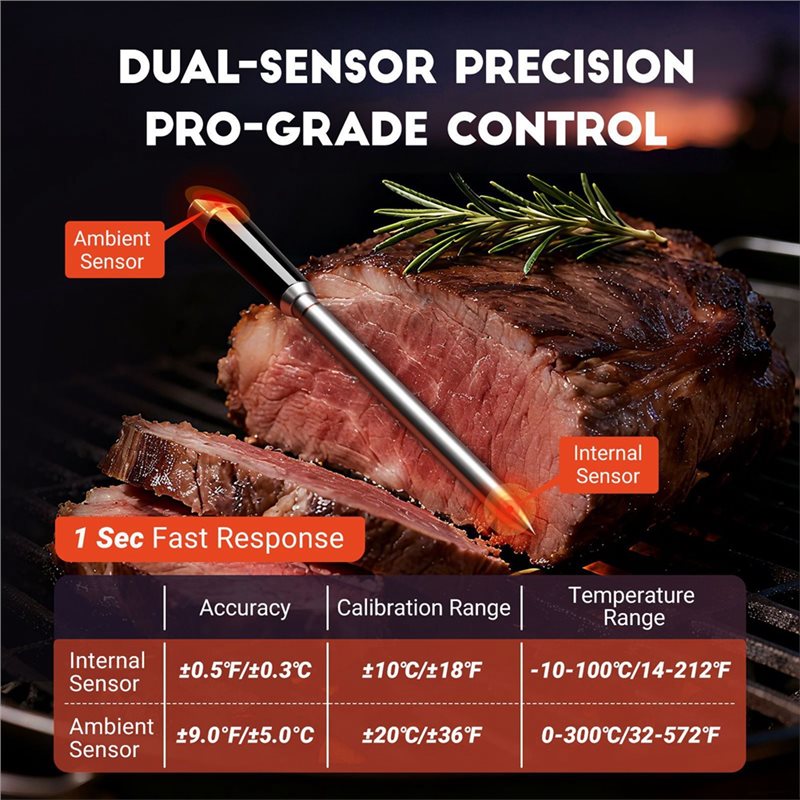 ABHI-Wireless Dual-Sensor Untu - Meat Thermometer ulasan dan harga
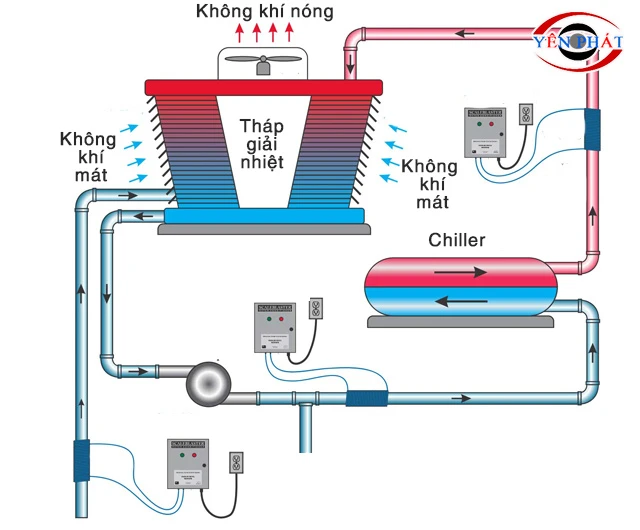 Nguyên lý hoạt động tháp giải nhiệt Chiller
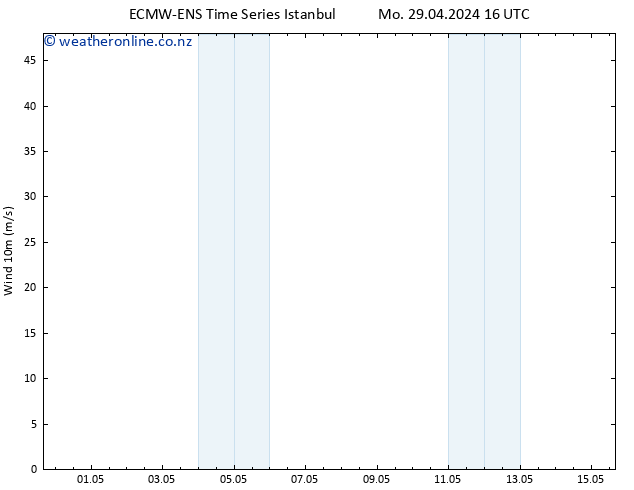 Surface wind ALL TS Th 02.05.2024 22 UTC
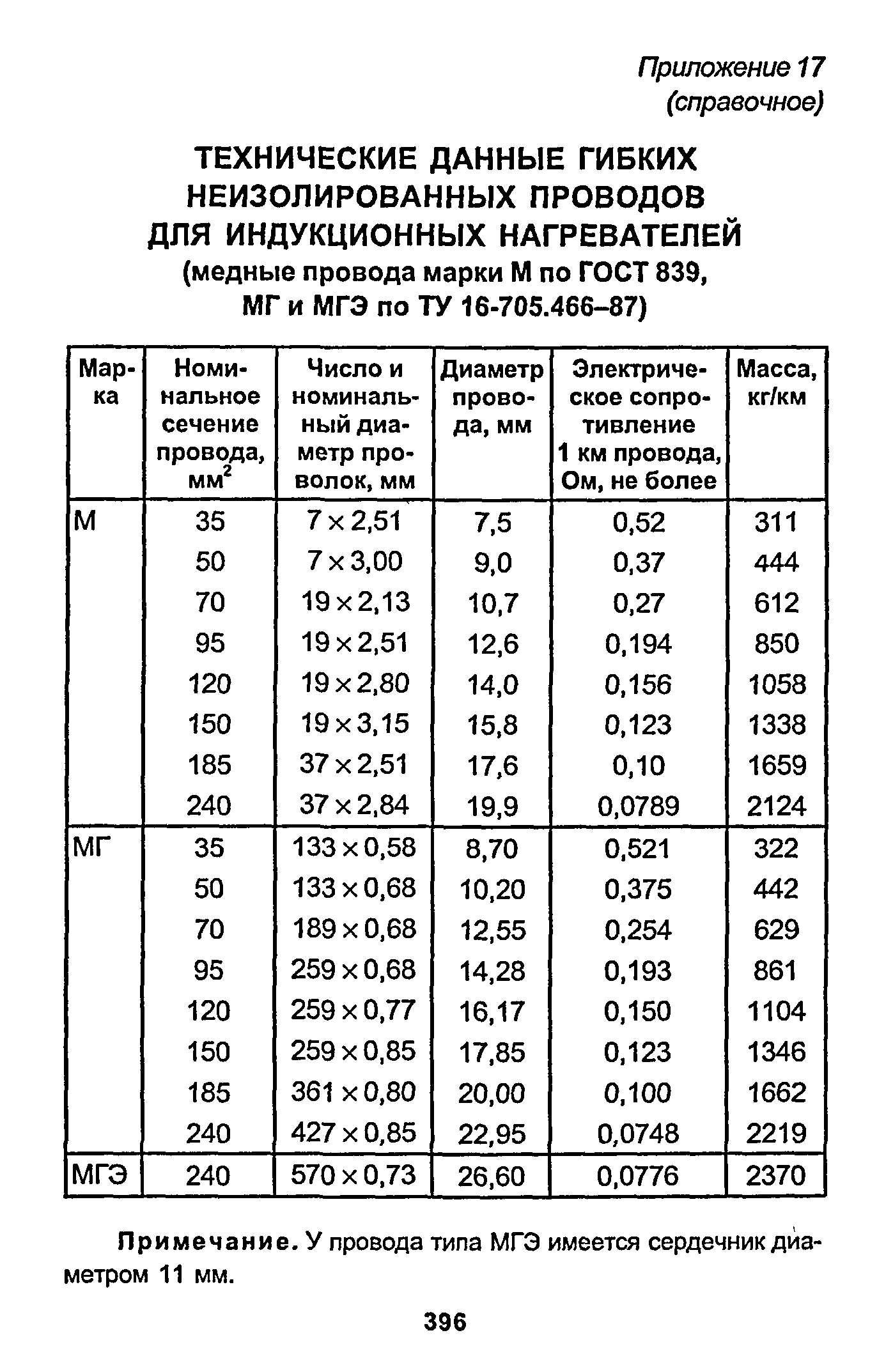 РД 153-34.1-003-01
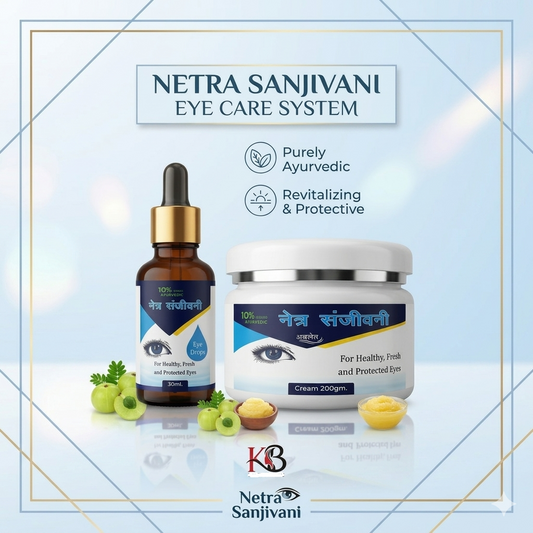 Netra Sanjivani Eye Care System – Pure Ayurvedic Care for Your Eyes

Work to complete:
From the first line to the last, copy the records exactly and skip the pictures.

Response for this exercise:
 ABHI-Wireless Dual-Sensor Untu - Meat Thermometer ulasan dan harga
 Nguyên lý hoạt động tháp giải nhiệt Chiller
 Surface wind ALL TS Th 02.05.2024 22 UTC
 РД 153-34.1-003-01
 Netra Sanjivani Eye Care System – Pure Ayurvedic Care for Your Eyes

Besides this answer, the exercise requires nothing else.